# Luke in NY shelter-be still my heart!!!



## Karen519 (Aug 21, 2006)

:http://www.petfinder.com/petnote/displaypet.cgi?petid=13356054
Luke 

Golden Retriever [Mix]
Large Young Male Dog Pet ID: 7372159 
Chautauqua County Humane Society, Jamestown, NY 
[email protected]

This pet has been altered. 
Chautauqua County Humane Society 
Jamestown, NY 
716-665-2209 
[email protected]


OUR organization offers 24PetWatch microchips, which include free registration into the 24PetWatch pet recovery service. For more information visit www.24petwatch.com or call 1-866-597-2424. This pet also is eligible for 30 days of pre-paid ShelterCare pet health insurance. For more information please visit www.sheltercare.com or call 1-866-375-PETS.

http://www.petfinder.com/shelterSearch/shelterSearch.cgi?shelterid=NY420


----------



## Penny & Maggie's Mom (Oct 4, 2007)

He's gorgeous. Doesn't look like a mix to me. Didn't we have someone in NY looking???


----------



## Blaireli (Jun 3, 2008)

Oh, he's gorgeous!


----------



## FranH (May 8, 2005)

Penny & Maggie's Mom said:


> He's gorgeous. Doesn't look like a mix to me. Didn't we have someone in NY looking???


 
Doesn't look like a mix to me, either. Must be the black treat spot on the tongue


----------



## GoldenJoyx'stwo (Feb 25, 2007)

Is he close to Peppertree?


----------



## gil1075 (Jan 13, 2009)

Oh I wish I lived in NY I'd take him in a heartbeat.


----------



## fameb (Feb 10, 2009)

What a cutie!

If only our Yogi was older.

This is a No Kill shelter right?


----------



## Penny & Maggie's Mom (Oct 4, 2007)

gil1075 said:


> Oh I wish I lived in NY I'd take him in a heartbeat.

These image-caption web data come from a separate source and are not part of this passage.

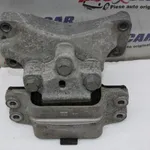 Suport cutie viteza VOLKSWAGEN JETTA VI 2008-2019 1K0199555CF, vedere frontata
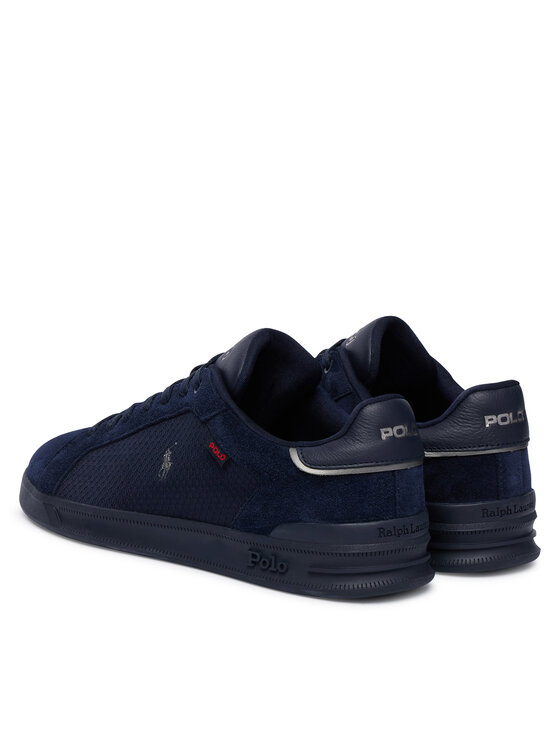 Polo Ralph Lauren Polo Ralph Lauren Sneakers Heritage Court Utily 809P15734001 Dunkelblau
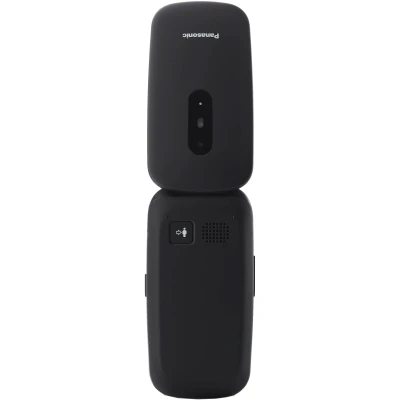 Смартфон Panasonic KX-TU446 Black (KX-TU446EXB) [KX-TU446EXB-B] — фото 2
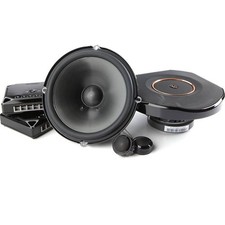 Infinity Reference REF-6530cx 270Watts Peak 6-1/2in. Component Car Speakers Pair picture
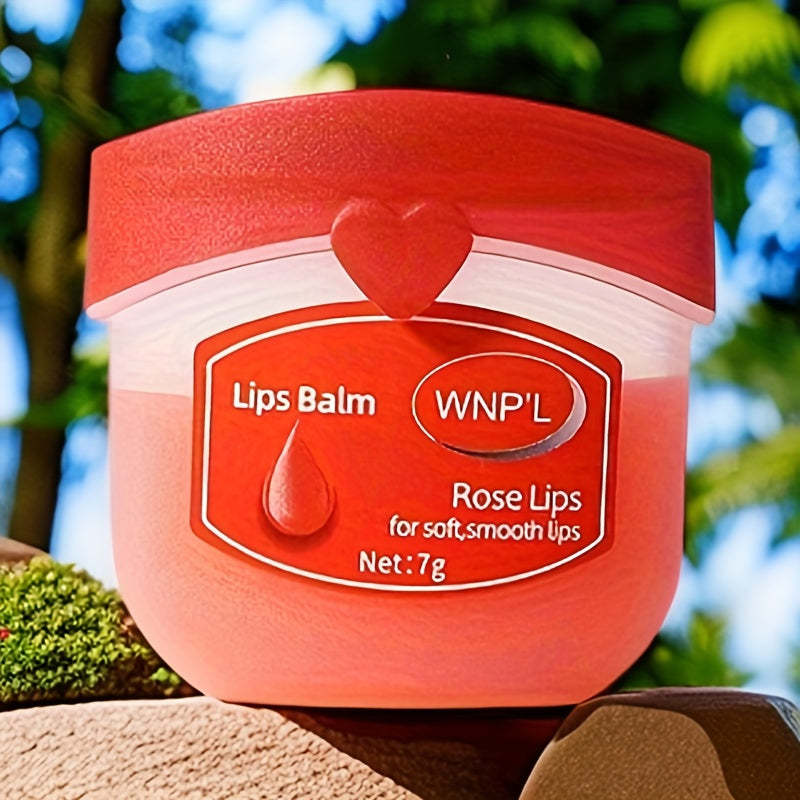 Fruit Lip Balm Set – 8 Sorten Feuchtigkeit & Glanz für die Lippen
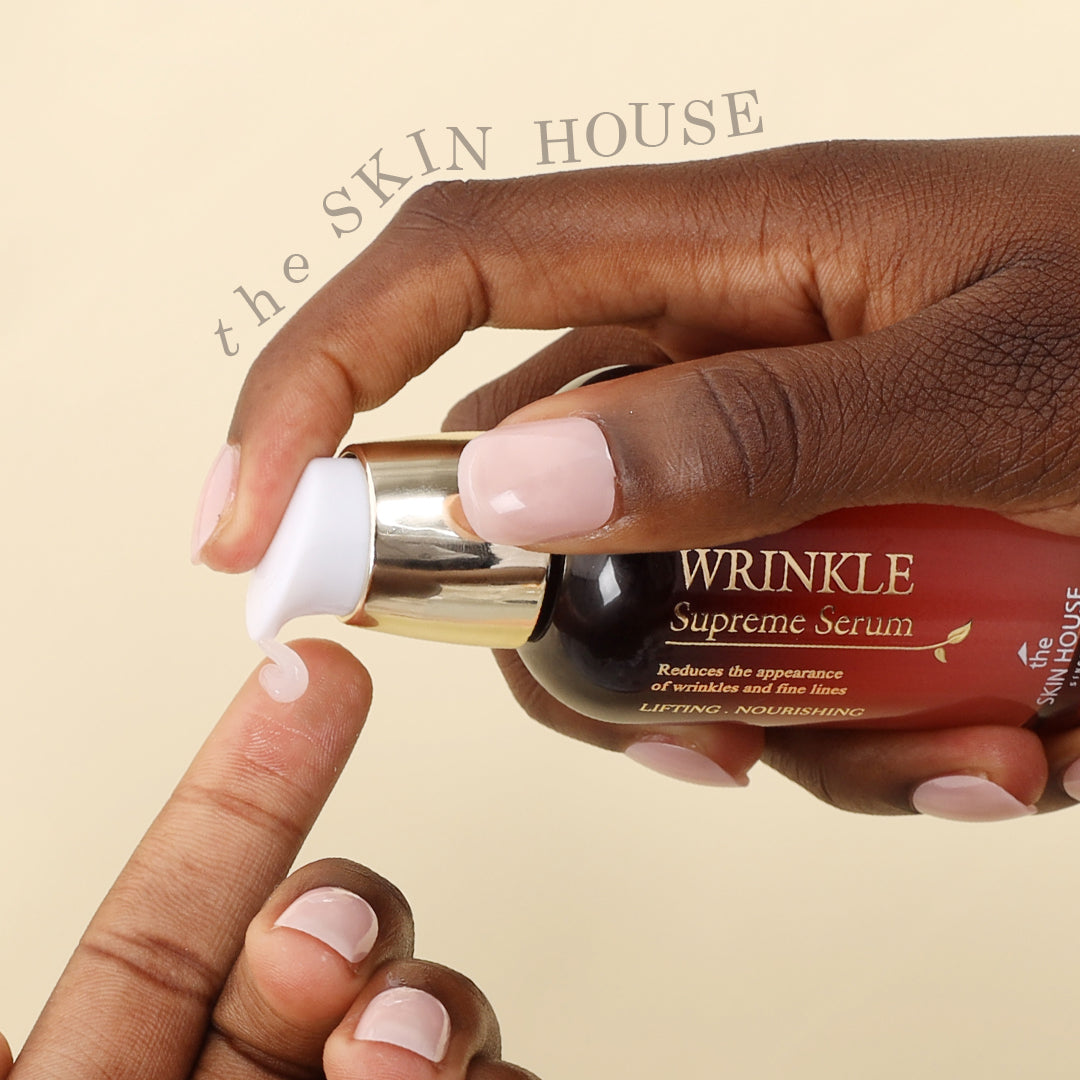 The Skin House Wrinkle Supreme Serum - Korean Eden
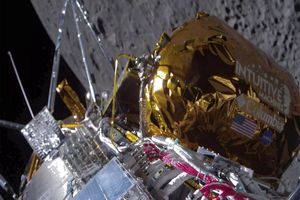 فرود کاوشگر متعلق به یک شرکت خصوصی روی ماه/ آمریکا پس از نیم قرن بار دیگر به ماه بازگشت/ ویدئو

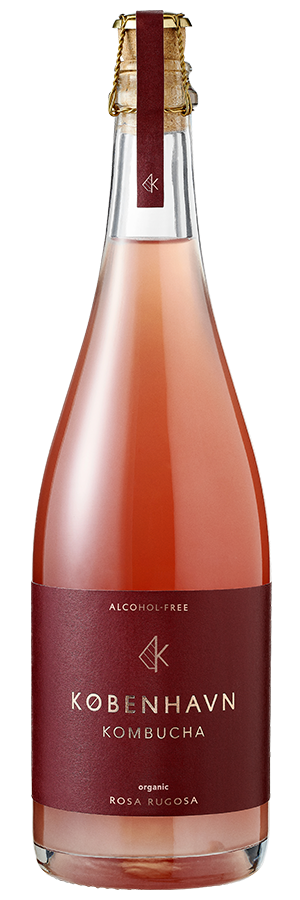 Kombucha Rosa Rugosa (Bio) 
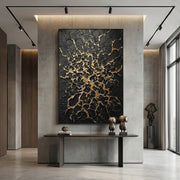 Contemporary Luxe | Golden Web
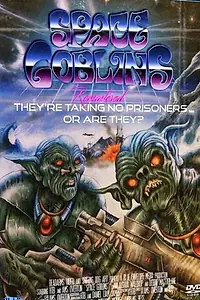 Постер к мультфильму «Space Goblins (2020)»
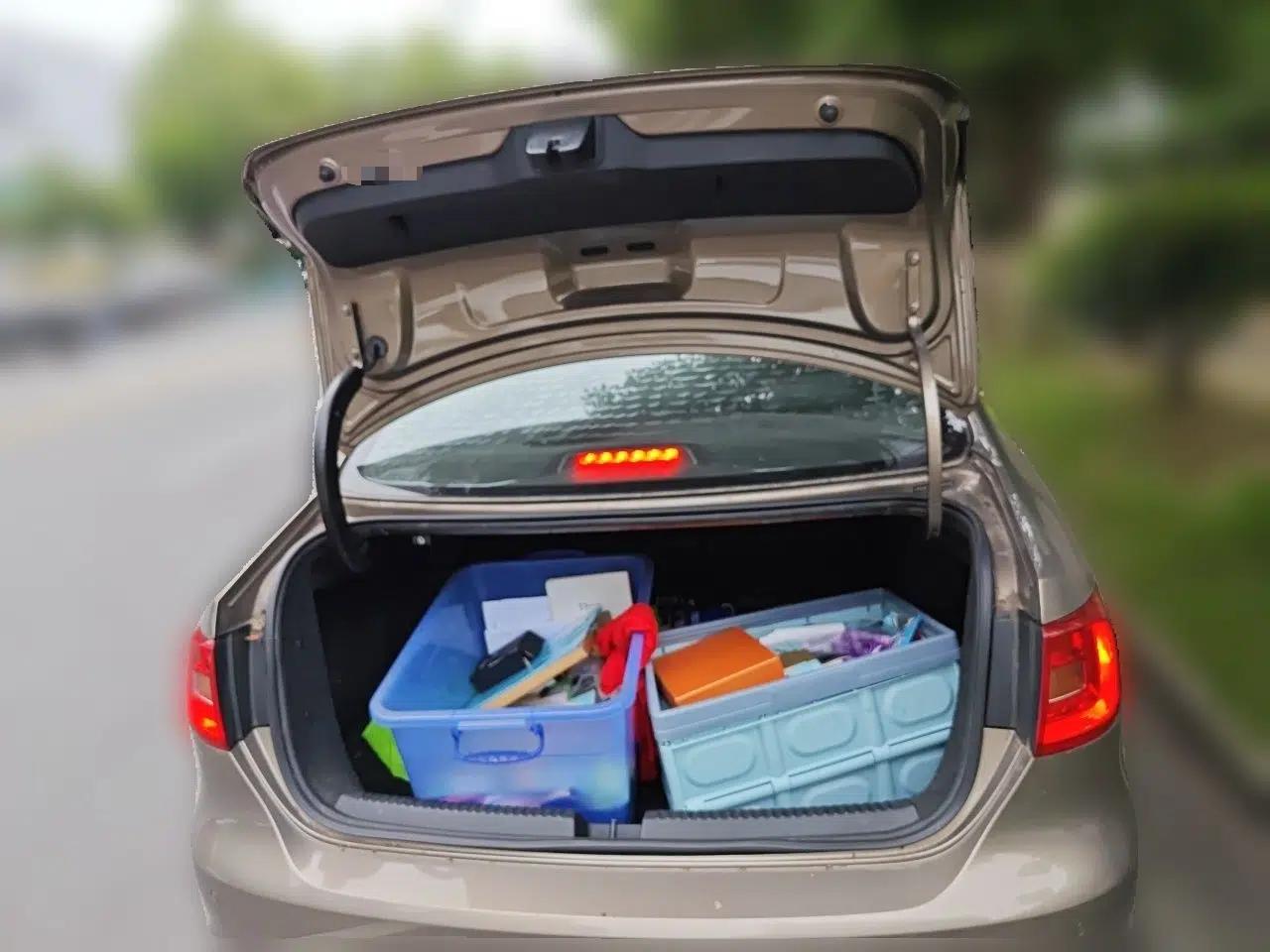 Volkswagen Sagitar 2014 Revised Version 1.6L Automatic Comfort Edition — миниатюра 19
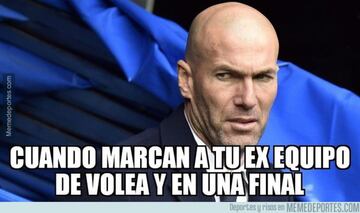 Los mejores memes de la Supercopa entre Real Madrid y Atlético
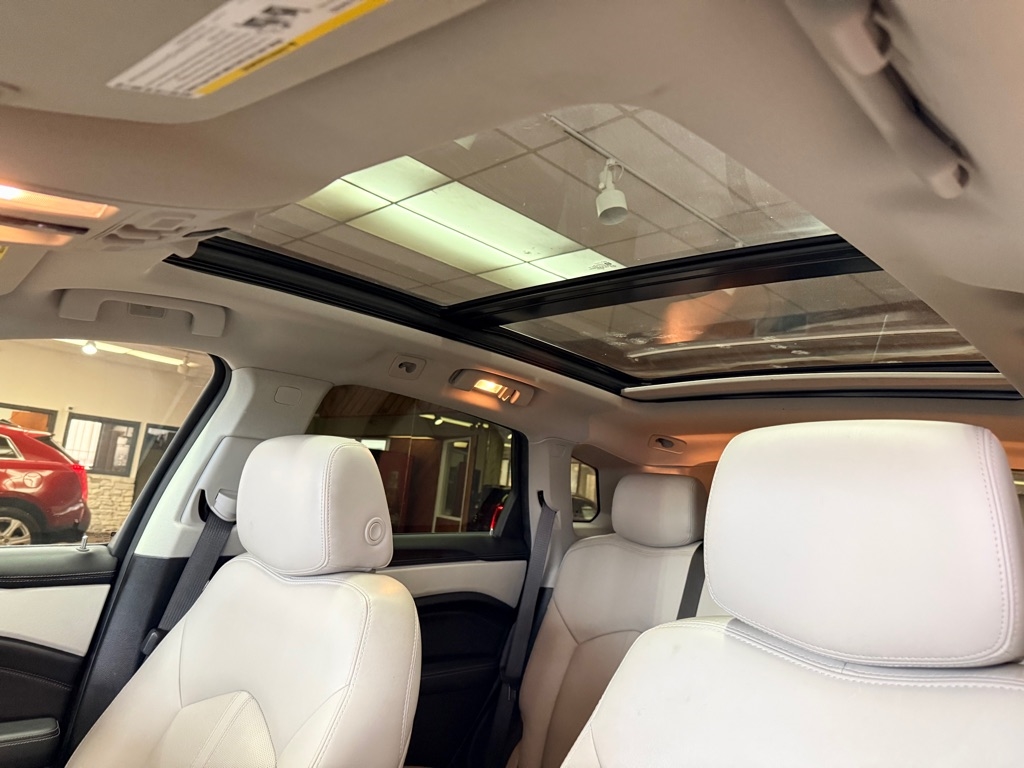 Cadillac SRX Premium Collection 2016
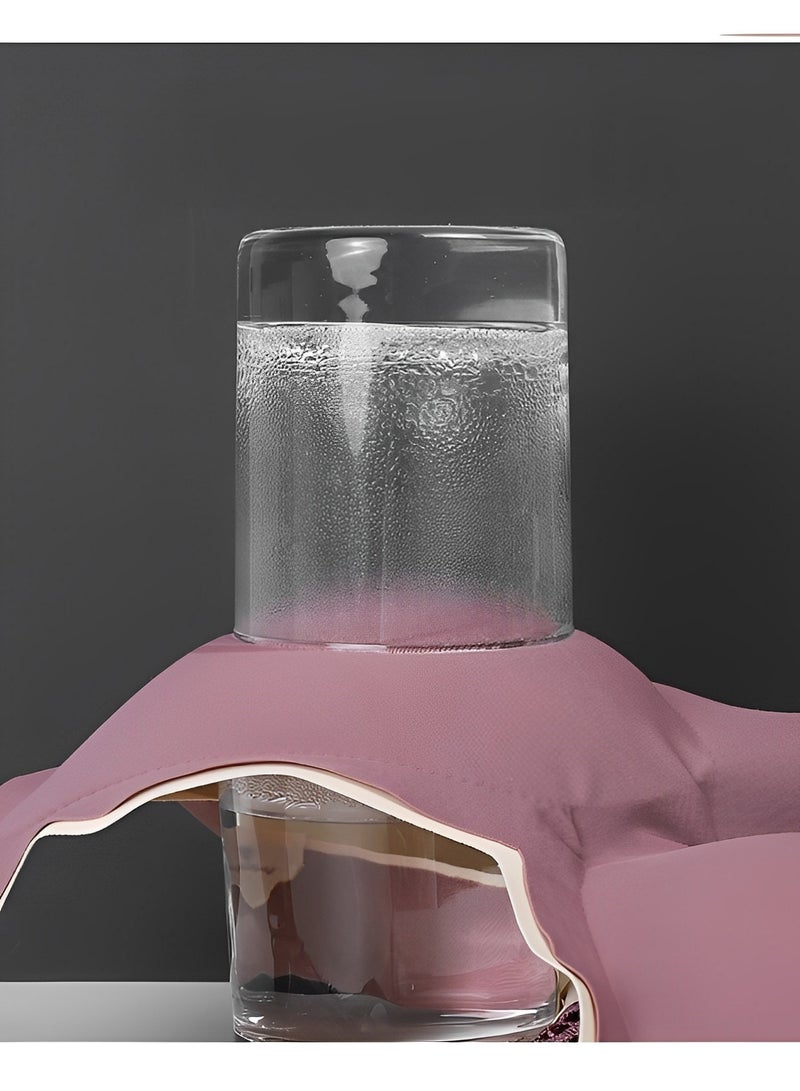 REOCLE Women's Wire-Free Push Up Bra Seamless Front Closure Lace Butterfly Daily Bra Butterfly Embroidery Front Closure Bra Adjustable Butterfly Back Bras - Image 5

If you REALLY want him...... there's always a transport. We've done it before ..... from FL to Canada and from FL to California.


----------



## S-Dog's Mom (Jan 9, 2009)

My husband would KILL me.... he's so cute!


----------



## GoldenJoyx'stwo (Feb 25, 2007)

I sent a message to Peppertree, but it was through their web site. I dislike those forms you fill out. I like direct email address. If anyone has Peppertrees, maybe you can contact them. 

Sunshine also rescues in NY. I haven't contacted Sunshine.


----------



## gil1075 (Jan 13, 2009)

Day late dollar short, I just called and Luke has already been adopted.


----------



## fameb (Feb 10, 2009)

gil1075 said:


> Day late dollar short, I just called and Luke has already been adopted.


More good news for the day!

Goldens don't seem to stay in shelters to long.


----------



## GoldenJoyx'stwo (Feb 25, 2007)

fameb said:


> More good news for the day!
> 
> Goldens don't seem to stay in shelters to long.


Great news! Always post. Sometimes GR's do stay in the shelters and they do die...I truly believe it's best to error on the side of caution.


----------



## Karen519 (Aug 21, 2006)

*So glad you girls were all over this*

So glad you girls were all over this and Kimm is absolutely RIGHT!!

There are Golden Retrievers in Shelters that DON'T GET OUT and end up dying!!

Always post them and email the rescues!!

LUKE-WHAT A HANDSOME BOY!!

*P.S. IF ANYONE WANTS TO GO TO PETFINDER.ORG AND PUT IN GOLDEN RETRIEVER AND YOUR STATE AND HIT ENTER YOU WILL SEE HOW MANY ARE IN NEED!!*


----------



## GoldenJoyx'stwo (Feb 25, 2007)

We are so lucky in our state. Most GR's are adopted or rescued quickly from the shelters. I still try to contact someone just in case.


----------